В основе понятия литературного этикета лежит представление о незыблемом и упорядоченном мире, где все деяния людей как бы заранее предопределены, где для каждого человека существует особый эталон его поведения. Литература же должна соответственно утверждать и демонстрировать этот статичный, «нормативный» мир. Это значит, что ее предметом по преимуществу должно стать изображение «нормативных» ситуаций: если пишется летопись, то в центре внимания находятся описания восшествия князя на престол, битв, дипломатических акций, смерти и погребения князя; причем в этом последнем случае подводится своеобразный итог его жизни, обобщенный в некрологической характеристике. Аналогично в житиях обязательно должно быть рассказано о детстве святого, о его пути к подвижничеству, о его «традиционных» (именно традиционных, едва ли не обязательных для каждого святого) добродетелях, о творимых им при жизни и по смерти чудесах и т. д.

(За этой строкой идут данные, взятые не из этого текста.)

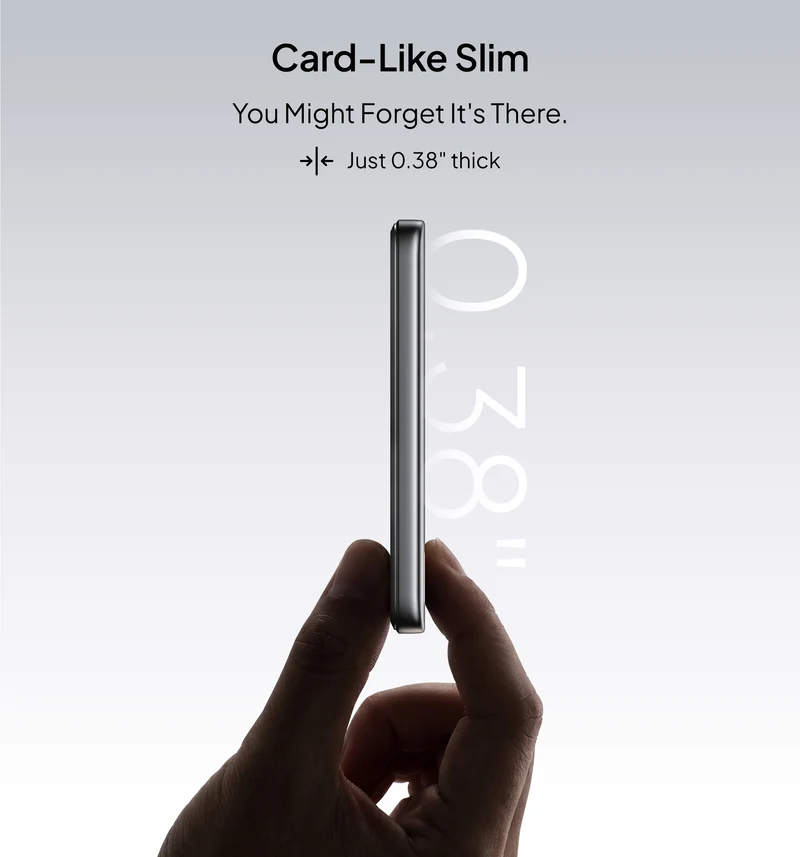 LISEN Qi2 15W Ultraschlanker MagSafe Akku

При этом каждая из названных ситуаций (в которой герой летописи или жития наиболее отчетливо выступает в своем амплуа – князя или святого) должна была изображаться в сходных, традиционных речевых оборотах: о родителях святого обязательно говорилось, что они благочестивы, о ребенке – будущем святом, что он чуждался игр со сверстниками, о битве повествовалось в традиционных формулах типа: «и бысть сеча зла», «иных посекоша, а иных поимаша» (т. е. одних изрубили мечами, других захватили в плен), и т. д.[ 65]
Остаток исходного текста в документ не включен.